Coverage of the crisis in the Eurozone is astonishingly poor.  Commentators scarcely try to analyse the situation properly; instead they revert to one of two unsatisfactory critiques.  First, the Eurosceptic one, is that the Eurozone was always an unworkable idea and the best thing to do is abandon the whole thing.  The alternative, the Europhile critique, is that a currency union without political integration was a major mistake, and the best thing to do is move further towards the political integration of the union.

These positions are both unhelpful.  The Eurosceptics fail to see the benefits of the currency union, the awful logistics involved in unpicking it, or the unsatisfactory nature of floating currencies for most countries.  The Europhiles want to drag European peoples down a road they do not want to go.  There is a third way: that Eurozone governments change their countries’ economic arrangements so that they can live within the currency zone, more or less as it is currently configured.  This crisis is a learning experience.

The more far-sighted of the Eurozone’s designers did not want full political integration.  It was never to be a currency zone like the USA, with a federal government able to make massive fiscal transfers across the union to help balance out asymmetric crises.  Instead the single currency, alongside the single market, was meant to act as a discipline on national governments.  This would address the widespread failure of floating currencies, which allowed governments to buy time through currency depreciation rather than addressing economic inefficiency.  This was a process leading inexorably to hyperinflation and economic collapse – which was very clearly beckoning for Portugal in particular before the Euro project was taken on board.

Discipline was required in two particular areas: government finances and labour markets.  In the former case discipline is to be provided by the threat of default; in the zone it was impossible to evade default by debauching the currency.  The consquences of a sovereign default are very severe, and European leaders sought to prevent it through the muddled Growth & Stability Pact, which sought to restrict deficits and levels of government debt.  For labour markets the discipline was that without flexible labour markets, economies would become uncompetitive, creating unemployment.

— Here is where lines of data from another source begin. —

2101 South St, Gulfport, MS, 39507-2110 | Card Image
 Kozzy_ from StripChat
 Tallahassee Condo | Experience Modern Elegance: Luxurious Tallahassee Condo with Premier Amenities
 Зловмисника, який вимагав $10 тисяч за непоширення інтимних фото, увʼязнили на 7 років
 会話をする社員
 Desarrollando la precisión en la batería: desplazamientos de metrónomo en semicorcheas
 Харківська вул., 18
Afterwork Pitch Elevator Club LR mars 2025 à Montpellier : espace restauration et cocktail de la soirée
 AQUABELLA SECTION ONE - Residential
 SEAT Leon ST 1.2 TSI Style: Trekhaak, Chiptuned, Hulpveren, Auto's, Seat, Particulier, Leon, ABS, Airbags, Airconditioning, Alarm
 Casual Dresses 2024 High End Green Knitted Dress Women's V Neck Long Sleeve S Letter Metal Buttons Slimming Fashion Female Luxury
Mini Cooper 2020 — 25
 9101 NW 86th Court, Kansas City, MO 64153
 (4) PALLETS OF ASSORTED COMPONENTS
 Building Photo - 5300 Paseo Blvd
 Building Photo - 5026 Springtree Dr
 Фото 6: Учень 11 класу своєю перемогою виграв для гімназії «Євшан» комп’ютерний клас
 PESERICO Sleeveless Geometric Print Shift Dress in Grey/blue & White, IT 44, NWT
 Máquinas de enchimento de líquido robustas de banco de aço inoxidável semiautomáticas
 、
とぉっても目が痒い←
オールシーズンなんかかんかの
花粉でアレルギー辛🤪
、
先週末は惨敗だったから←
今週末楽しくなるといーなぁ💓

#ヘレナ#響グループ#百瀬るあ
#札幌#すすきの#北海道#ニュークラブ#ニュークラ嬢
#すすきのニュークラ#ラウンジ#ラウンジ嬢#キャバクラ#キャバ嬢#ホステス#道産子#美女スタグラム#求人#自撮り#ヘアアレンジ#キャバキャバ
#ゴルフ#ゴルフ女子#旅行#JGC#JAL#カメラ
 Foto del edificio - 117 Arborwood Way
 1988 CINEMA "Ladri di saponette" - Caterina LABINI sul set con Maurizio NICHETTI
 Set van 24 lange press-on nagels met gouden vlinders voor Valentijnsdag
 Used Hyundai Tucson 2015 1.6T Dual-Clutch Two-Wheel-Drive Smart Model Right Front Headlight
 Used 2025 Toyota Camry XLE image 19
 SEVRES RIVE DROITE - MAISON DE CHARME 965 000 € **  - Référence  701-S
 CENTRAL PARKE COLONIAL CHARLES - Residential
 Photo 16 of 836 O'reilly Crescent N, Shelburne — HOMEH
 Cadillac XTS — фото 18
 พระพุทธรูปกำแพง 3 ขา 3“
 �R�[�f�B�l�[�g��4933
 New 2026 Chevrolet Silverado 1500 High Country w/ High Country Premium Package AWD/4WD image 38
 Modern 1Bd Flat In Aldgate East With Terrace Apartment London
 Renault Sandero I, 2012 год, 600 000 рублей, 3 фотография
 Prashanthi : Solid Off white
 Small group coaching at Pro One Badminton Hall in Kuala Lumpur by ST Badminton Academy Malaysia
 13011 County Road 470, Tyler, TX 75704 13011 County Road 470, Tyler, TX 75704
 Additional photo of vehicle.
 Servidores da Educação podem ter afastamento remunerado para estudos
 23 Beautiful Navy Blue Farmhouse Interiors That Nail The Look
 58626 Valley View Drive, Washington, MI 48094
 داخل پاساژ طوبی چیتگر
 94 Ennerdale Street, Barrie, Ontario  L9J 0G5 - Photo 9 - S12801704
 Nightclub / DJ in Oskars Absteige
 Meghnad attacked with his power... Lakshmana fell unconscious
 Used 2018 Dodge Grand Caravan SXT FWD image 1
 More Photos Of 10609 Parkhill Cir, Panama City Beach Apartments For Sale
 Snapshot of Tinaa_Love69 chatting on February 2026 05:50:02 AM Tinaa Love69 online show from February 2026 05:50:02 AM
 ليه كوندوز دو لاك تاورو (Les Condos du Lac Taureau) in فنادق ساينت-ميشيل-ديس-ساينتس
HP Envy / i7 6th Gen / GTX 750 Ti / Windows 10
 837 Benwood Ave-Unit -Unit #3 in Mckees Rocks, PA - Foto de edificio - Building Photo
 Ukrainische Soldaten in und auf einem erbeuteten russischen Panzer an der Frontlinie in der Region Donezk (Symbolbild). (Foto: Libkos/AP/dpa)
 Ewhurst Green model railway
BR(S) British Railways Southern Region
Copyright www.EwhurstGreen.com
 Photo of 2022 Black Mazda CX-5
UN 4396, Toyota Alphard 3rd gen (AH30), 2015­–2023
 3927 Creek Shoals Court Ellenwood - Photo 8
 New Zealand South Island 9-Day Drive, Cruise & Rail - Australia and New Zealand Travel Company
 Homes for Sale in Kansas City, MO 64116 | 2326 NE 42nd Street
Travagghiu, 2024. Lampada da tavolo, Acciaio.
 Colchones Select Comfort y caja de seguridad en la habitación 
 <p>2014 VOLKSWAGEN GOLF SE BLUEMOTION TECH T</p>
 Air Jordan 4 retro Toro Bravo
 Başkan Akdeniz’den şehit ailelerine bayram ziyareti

But things went badly wrong almost immediately.  Bond markets did not seem to believe the default story, as spreads between the more creditworthy governments (like Germany) and the less so (Italy and Greece) were impossibly narrow.  Governments in the shakier countries (especially Italy, Portugal and Greece) found it much too easy to borrow cheaply and used this as an excuse for not proceeding with reform.

Labour markets were largely untouched by reform, as were other economic inflexibilities.  This caused major problems in Spain, Portugal, Italy and Greece whose economies became increasingly uncompetitive.  Only one country (apart from Ireland perhaps) really grasped the implications of living inside the Euro, and that was Germany.  After unification the German economy lost competitiveness and unemployment became a real problem.  But through its system of corporate deal-making between employers and unions, pay was restrained and other reforms instituted.  Competitiveness was duly restored, as was employment.  Unfortunately that made things worse for the laggards.

While the Eurozone had proved a failure in these two areas it proved a bit too successful in another: capital flows.  There was a lot of reckless lending, with quasi-public banks in Germany in prominence.  Capital flowed freely to countries, like Spain and Ireland, that didn’t really deserve it, allowing problems to be hidden in a property bubble.  And then Pop!  The Eurozone has lurched from one crisis to the next.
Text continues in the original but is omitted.